> _Problem to work on_:
Once the line containing "A COLCLOUGH IVY" is found in the material below, it and every line after it should be transcribed exactly, with pictures left out and nothing added.

> _Input records_:
=====
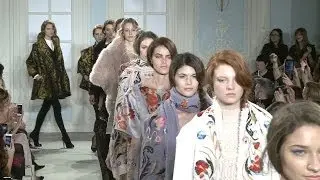 Temperley London Fall 2014 London Fashion Week | Videofashion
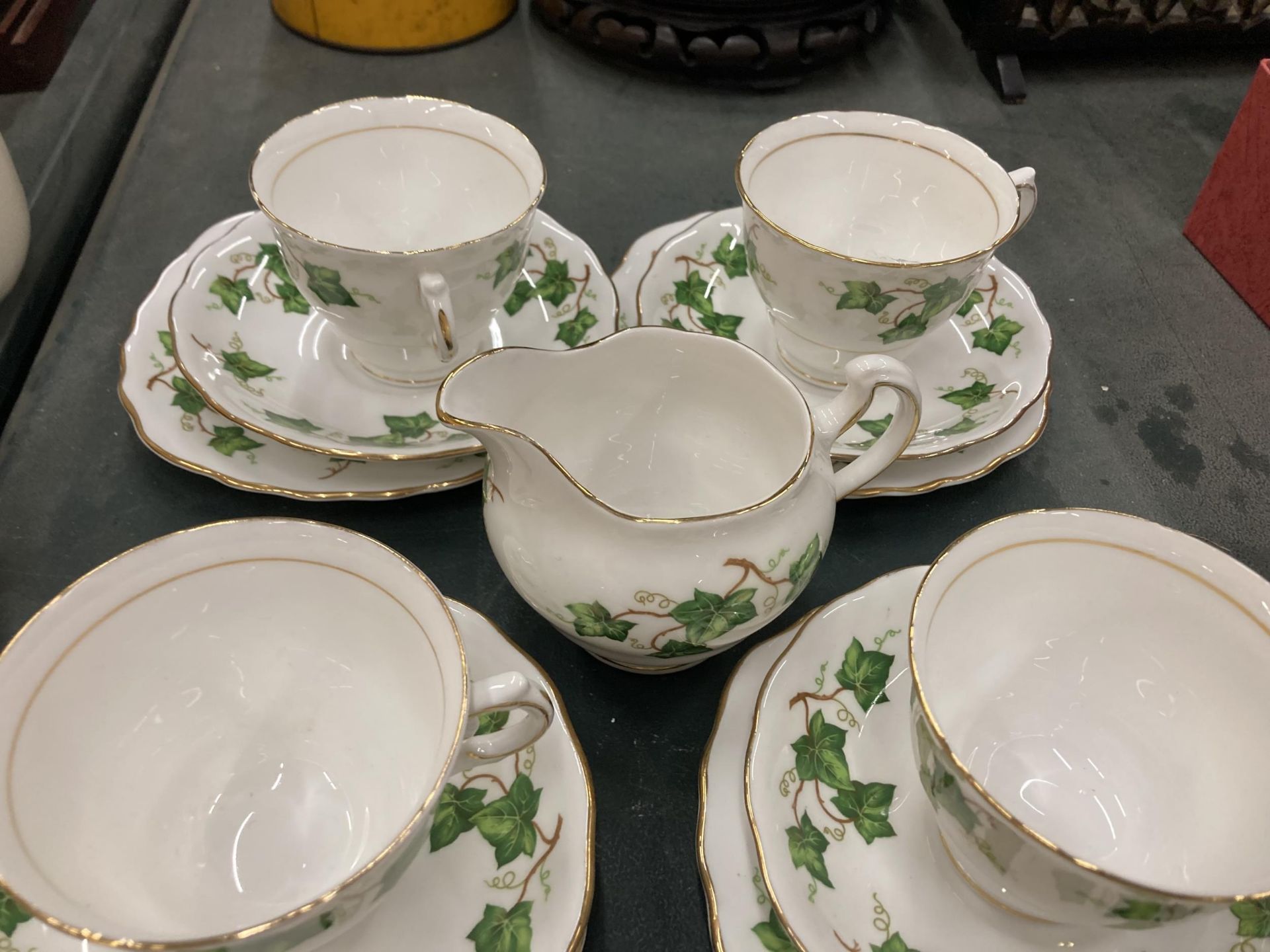 A COLCLOUGH IVY PATTERN PART BONE CHINA TEA SET - Image 2 of 5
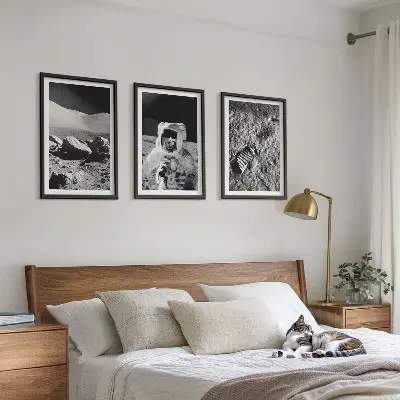 Set wanddecoratie met schilderijen met afbeeldingen van NASA, de maan en een astronaut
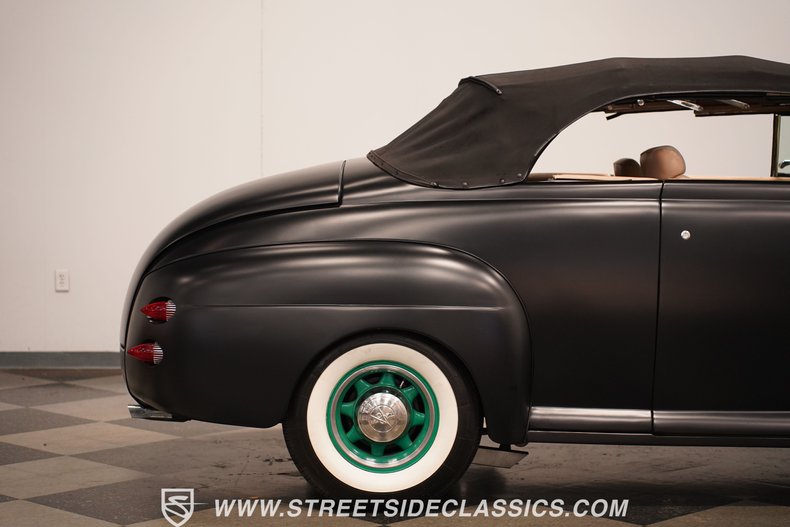 1946 Ford Deluxe 32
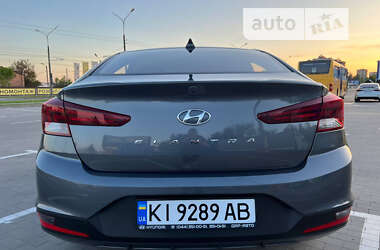 Седан Hyundai Elantra 2018 в Белой Церкви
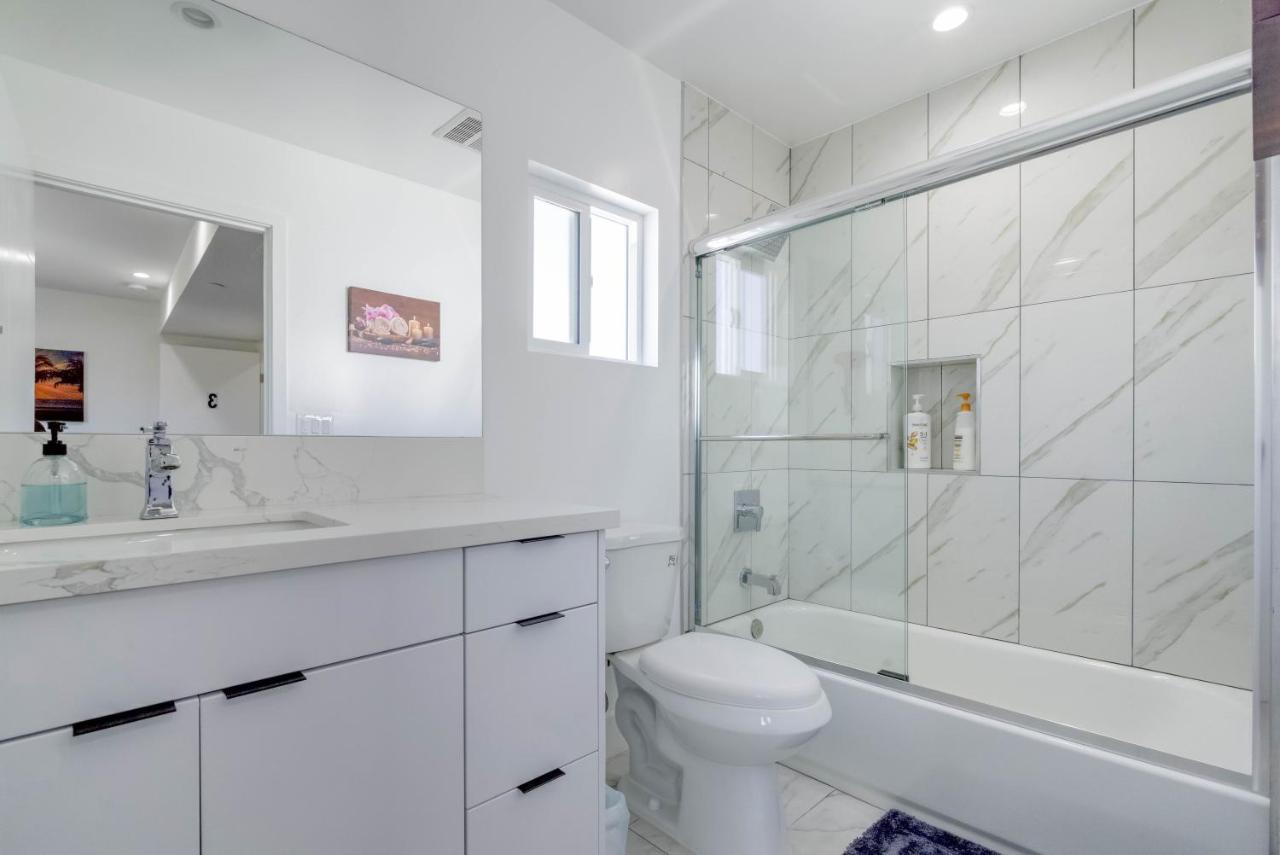 Modern Apartment In Studio City ロサンゼルス エクステリア 写真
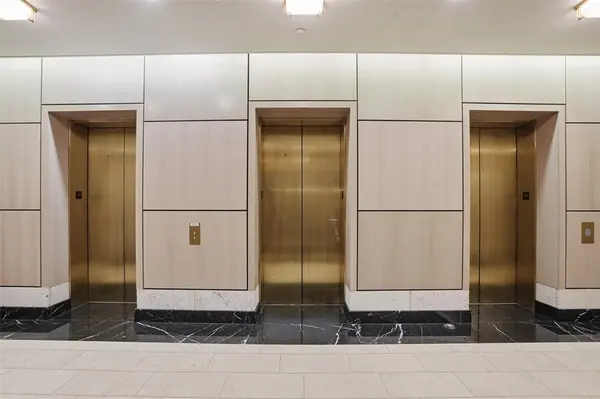 500 Throckmorton Street #3601, Fort Worth, TX 76102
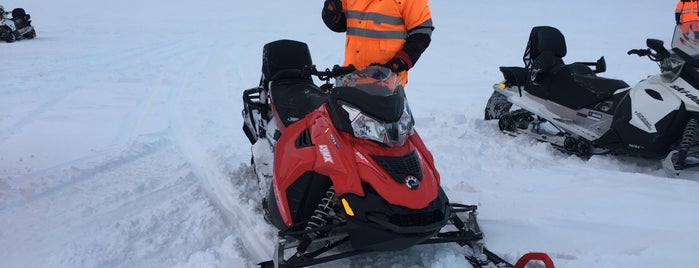 Snowmobile . is is one of IJSLAND.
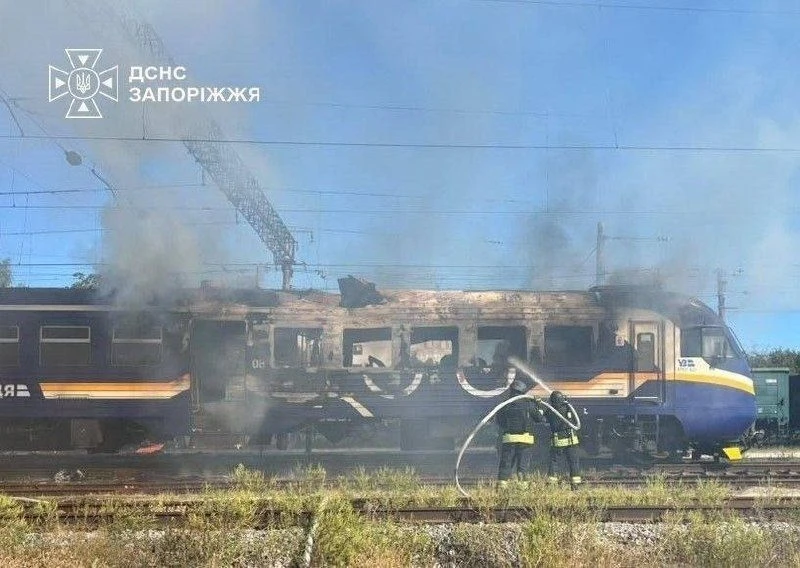 Выгоревший поезд после прилёта дрона в Вольнянске Запорожской области.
=====
> _Reply to the task_:
 A COLCLOUGH IVY PATTERN PART BONE CHINA TEA SET - Image 2 of 5
 Set wanddecoratie met schilderijen met afbeeldingen van NASA, de maan en een astronaut
 1946 Ford Deluxe 32
 Седан Hyundai Elantra 2018 в Белой Церкви
 Modern Apartment In Studio City ロサンゼルス エクステリア 写真
 500 Throckmorton Street #3601, Fort Worth, TX 76102
 Snowmobile . is is one of IJSLAND.
 Выгоревший поезд после прилёта дрона в Вольнянске Запорожской области.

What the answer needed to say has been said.